筆者宅での「おてつたび」の様子(画像:筒井永英)
筆者宅での「おてつたび」の様子(画像:筒井永英)

 求人するからには、どんな人に来てもらいたいかを考えなければならない。わが家は春休み中の大学生をターゲットとすることにした。

 大学がない天草では、18歳になると多くの若者が出ていく。作業の面で若い人の方がいいこともあるが、それ以外の目的もあった。

 それはわが家の2人の子どものためだ。普段、子どもたちが接する大人は、親と学校の先生、そして近所の高齢者に限られている。親でも先生でもないフラットな関係の他者と関わる機会を持つことができれば、子どもにとっていい影響があると考えた。

 また、旅行のついでに仕事を手伝ってくれる若者なら、社会人になったとき、将来家庭を持ったときに再訪してくれるかもしれない。

 来てもらうには泊まる場所も必要だが、農家民宿を営むわが家には来客専用の部屋がある。
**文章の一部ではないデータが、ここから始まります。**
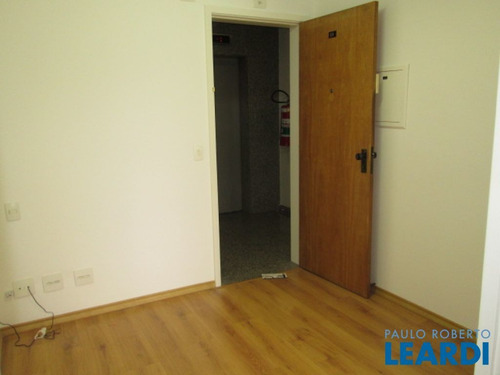 Conj. Comercial - Vila Olímpia - Sp - 440503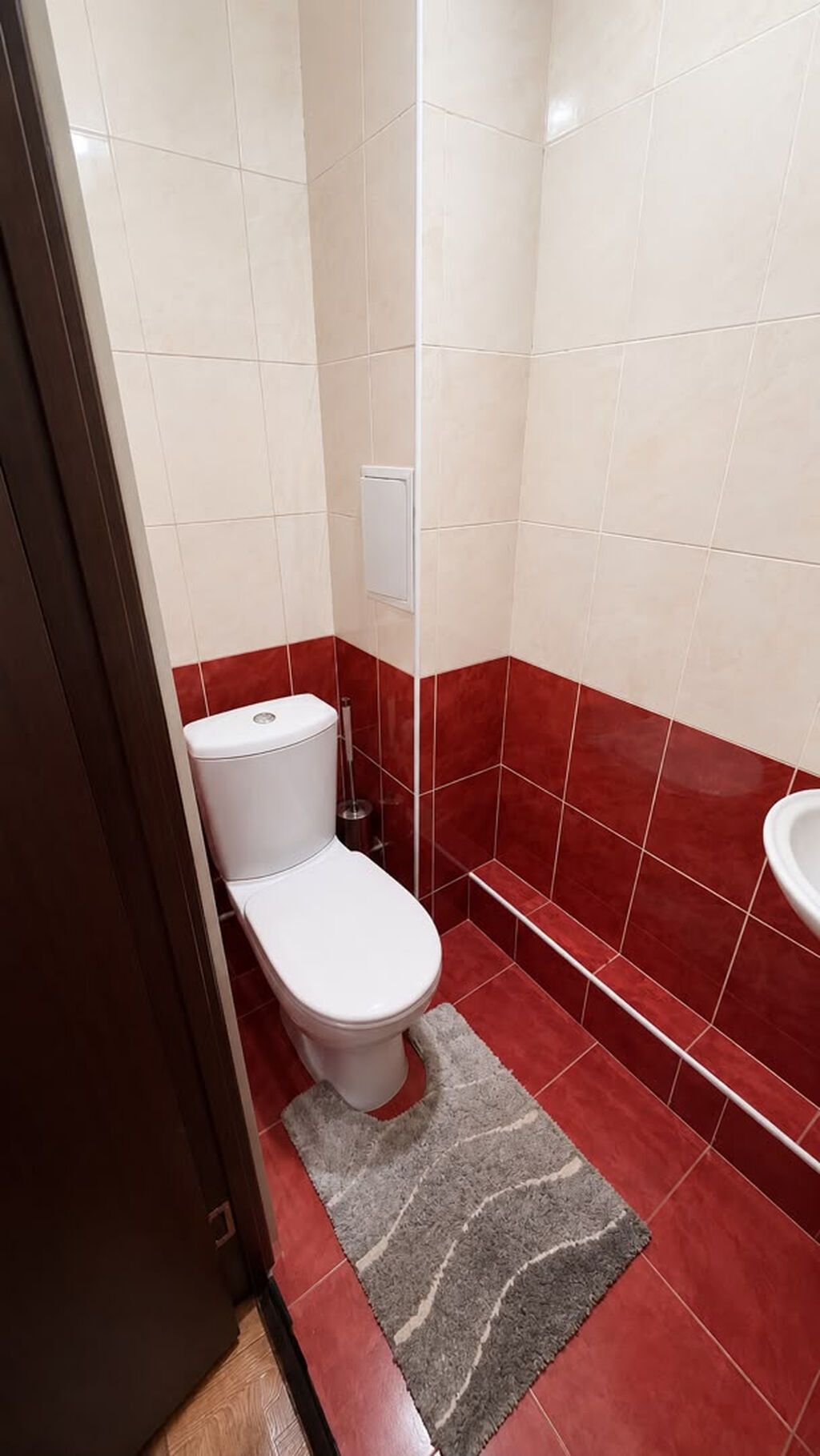 3 комнаты, 64 м², 5 мкр 105 серия, 3 этаж, Евроремонт: фото 2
泊まり込みで来る人なら、深いコミュニケーションもできるのではと期待した。

 募集を始めるとすぐに応募があった。1月は神戸と奈良の学生を迎えたし、2月は東京からの学生を予定している。これまでに来た2人はよく働いてくれた。初めてのことも多かったはずだが、真面目に丁寧に対応してくれたと感じている。

 期待以上によかったのは、3食を共にしたことだ。住み込みの効果は大きく、たくさん話ができた。普通の旅行ではできない体験ができたと大学生も感じてくれたようだ。